At 16 I Decided To Question My Christian Beliefs. Here’s Why.

In this interview, FEMME MAG intern Tireni discusses religion and spirituality with Eko*, a young Nigerian woman who practices a deconstructionist approach to Christianity. She talks about rejecting Biblical literalism, trying to reconcile her faith with her political stances, and the backlash she’s received from the Nigerian Christian community when she vocalises her beliefs.

TIRENI: Hi Eko! Thanks for sitting down with me today.

EKO: Heyy Tireni. It’s my pleasure to be here. 

TIRENI: Great, let’s get into it. How would you say you identify, as it relates to your faith or spirituality?

EKO: I think I’m one of those annoying people that says, “Oh I’m spiritual and not religious”. Obviously, if I had to tick a box, it’s Christian but I specifically identify as a deconstructionist Christian if that makes sense.

TIRENI: Can you tell us a bit more about what that is and how you came to identify as that?

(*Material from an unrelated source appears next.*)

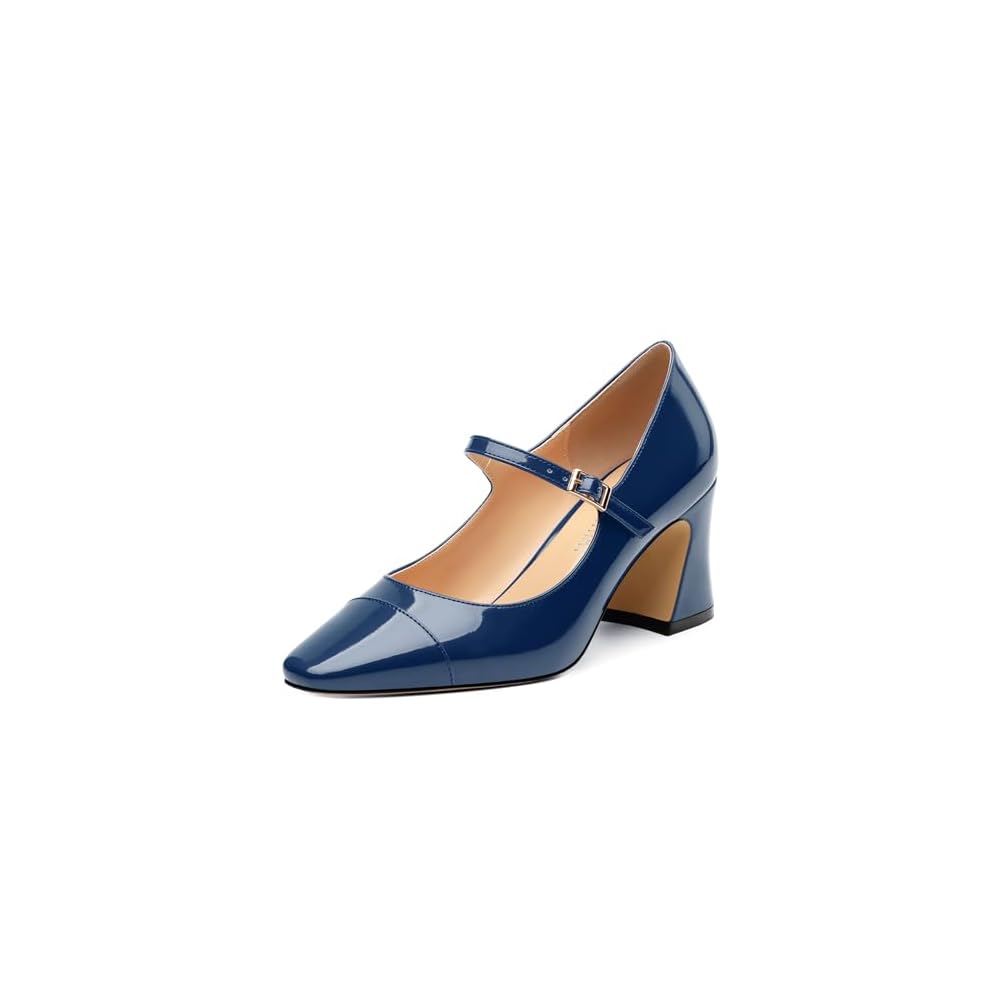 Navy Blue Patent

EKO: I think deconstructionist Christianity has really been a journey for me. When I was younger, I didn’t have the language for how I felt. Growing up, your parents take you to church and everything, but I always had questions nibbling at the back of my mind. When I say I had questions, I don’t mean that I doubted God or that I was Christian but rather just that I had questions within the faith, and no one wanted to answer them because it was always seen negatively or as heresy.

TIRENI: Makes sense! Let’s go back a bit to how you were raised. What was your childhood like growing up as a Christian?

EKO: Well, my dad was a Christian, but he was never super vocal. He believed in God, but I don’t think Christianity was his identity. You know those Nigerian parents where it’s church alllll the time? He wasn’t really like that. I think he believed in Jesus but wasn’t really active in terms of observing and enforcing religious practices. My mum was more of the active one. She would take us to Redeemed Camp and in December we would have periods of fasting. She ensured we observed all the usual Christian religious practices. 

TIRENI: How would you say this routine has changed as you’ve become a young adult and gained independence?

EKO: Honestly, I think that when you don’t have that push from your parents, it allows you to explore your faith differently. I don’t necessarily subscribe to all the beliefs held by a lot of the pastors and preachers I listened to growing up like I did when I was younger. I still tune in to some of their services, but I feel like how I practice my faith now is more personal. 

I don’t go to church a lot and I also think that’s because of the theology and messages they convey sometimes. Basically, there is a little bit more distance now in terms of my participation in the Church structure but I’m still very much in tune with my Christianity. 

TIRENI: That’s amazing. For those who don’t quite know what a deconstructionist approach to Christianity is, what would be your quick-fire description?

EKO: To put it simply the term deconstructionist means “to take apart”. It acknowledges that we’ve learned a lot of information in our lives about Christianity and with that comes assumptions. We tend to base our entire theology on whatever we’ve been told from our church or culture and how they practice their faith. So, deconstructing is unlearning almost everything. In fact, it is unlearning everything and starting from scratch. 

Deconstructing is critically reflecting and asking questions like, “What is the context behind this text? How were these statements said? How do we unlearn and re-construct our idea of the Bible, God, theology and discern what good and bad theology are?” I think it’s such a beautiful thing.

Lmao, you know I just realized that you said to give a short description and my answer was soo long-winded.

TIRENI: Haha, we have time!  You gave just the right amount of depth we needed. When you think back, what moment would you say sparked your deconstructionist Christian journey?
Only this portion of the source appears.